La Palabra nos muestra, por medio de ejemplos, el significado y la responsabilidad que el jefe de familia tiene con respecto a esta, así como el interés que Dios, quien le formó, pone en él.
Así sucedió en el caso de Cornelio, el hombre principal, «piadoso y temeroso de Dios con toda su casa, y que hacía muchas limosnas al pueblo, y oraba a Dios siempre» (Hec. 10:2). Dios le envió al apóstol Pedro después de haberle advertido a este «que Dios no hace acepción de personas, sino que en toda nación se agrada del que le teme y hace justicia» (v. 34-35). Y «el Espíritu Santo cayó sobre todos los que oían el discurso» (v. 44). Así Cornelio llegó a ser con su familia, a consecuencia de su temor de Dios, el principio de la participación de las naciones en las bendiciones del Evangelio.
Dios ha dividido el mundo en naciones y a estas en familias. Sobre las naciones ha establecido cabezas a quienes les ha dado autoridad. También la familia tiene su cabeza. Quien lo es debe gobernar bien su casa y criar a sus hijos «en disciplina y amonestación del Señor» (Efe. 6:4).

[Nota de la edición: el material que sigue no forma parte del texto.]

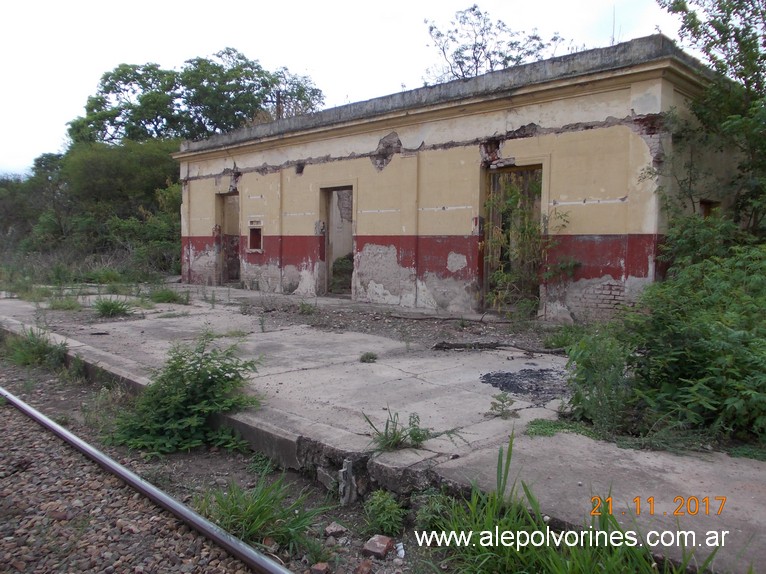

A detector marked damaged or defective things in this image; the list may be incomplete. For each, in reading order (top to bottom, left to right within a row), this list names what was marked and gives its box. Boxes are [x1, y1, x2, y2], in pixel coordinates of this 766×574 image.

Todo aquel que tenga la responsabilidad de ser padre y guía de la familia, debe preocuparse por el progreso de sus hijos en lo material y en lo espiritual. Ambos puntos de vista tienen gran significación en la vida. Pero ¿nuestros pensamientos no están con frecuencia mucho más ocupados con el aspecto material en perjuicio de la situación espiritual? A este respecto debemos estar atentos. Seamos, sobre todo, ejemplos para nuestros hijos a través de nuestra conducta y nuestra fidelidad al Señor. Esta es la mejor enseñanza que podemos darles. En nuestras oraciones pensemos siempre en ellos. Tenemos un hermoso ejemplo en Job, quien desde la mañana temprano pensaba en sus hijos. En su bienestar material, ellos hacían banquetes, pero «Job enviaba y los santificaba, y se levantaba de mañana y ofrecía holocaustos conforme al número de todos ellos. Porque decía Job: Quizá habrán pecado mis hijos, y habrán blasfemado contra Dios en sus corazones. De esta manera hacía todos los días» (Job 1:5).

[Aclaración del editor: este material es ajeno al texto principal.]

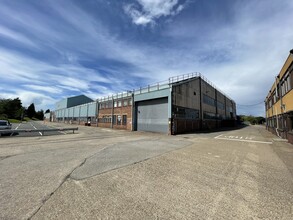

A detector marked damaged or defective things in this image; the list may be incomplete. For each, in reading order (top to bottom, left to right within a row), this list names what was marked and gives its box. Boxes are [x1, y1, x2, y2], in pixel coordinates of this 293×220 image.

cracked tarmac [0, 123, 292, 219]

El Señor nos dice que estamos en el mundo, pero que no somos del mundo (Juan 17:11, 14). ¿Lo manifestamos verdaderamente y, ante todo, en la formación de nuestros hijos? Quizá ambicionamos para ellos una posición que –merced a su talento, ciencia y trabajo– los ensalza entre los hombres. Si Dios los hace prosperar en hacer el bien, crear alivio, ser útiles a sus prójimos, hemos de darle las gracias por ello. Hemos de rogarle constantemente que los preserve en la humildad para así servir a otros sin pretender sacar de ello ningún provecho personal. Sea nuestro ruego que aprovechen la oportunidad para testificar con palabras y hechos que son hijos de Dios, acordándose de la repetida advertencia del Señor en cuanto a que el esfuerzo por enaltecerse y enriquecerse es algo opuesto a sus disposiciones. «Porque cualquiera que se enaltece, será humillado; y el que se humilla, será enaltecido» (Lucas 14:11). «Porque raíz de todos los males es el amor al dinero, el cual codiciando algunos, se extraviaron de la fe, y fueron traspasados de muchos dolores» (1 Tim. 6:10).
¿No puede compararse la cristiandad, en su actual decadencia, con el pueblo de Israel en los últimos días de Josué? Se gloriaban de ser el pueblo de Dios, pero en sus corazones estaban muy distanciados de Él. Pretendían servirle, pero vivían en la idolatría. ¿No corren los cristianos el mismo peligro? Por este motivo el apóstol Juan termina su primera carta con las siguientes palabras: «Hijitos, guardaos de los ídolos».
De muchos cristianos que en la actualidad representan el último tiempo se tiene que decir, como en 2 Timoteo 3:4-5, que son «amadores de los deleites más que de Dios, que tienen apariencia de piedad, pero niegan la eficacia de ella». Lo que el apóstol Pablo dice de los cretenses tiene también valor para ellos: «Profesan conocer a Dios, pero con los hechos lo niegan» (Tito 1:16).
Josué hace a su obstinado pueblo una seria advertencia: «Escogeos hoy a quién sirváis…; pero yo y mi casa serviremos a Jehová» (Josué 24:15).
El Señor nos conceda, como a Josué, esta firme voluntad de ser buenos y fieles testigos con la ayuda de su gracia, como lo fue Estéfanas, de quien el apóstol escribe: «Ya sabéis que la familia de Estéfanas es las primicias de Acaya, y que ellos se han dedicado al servicio de los santos» (1 Cor. 16:15).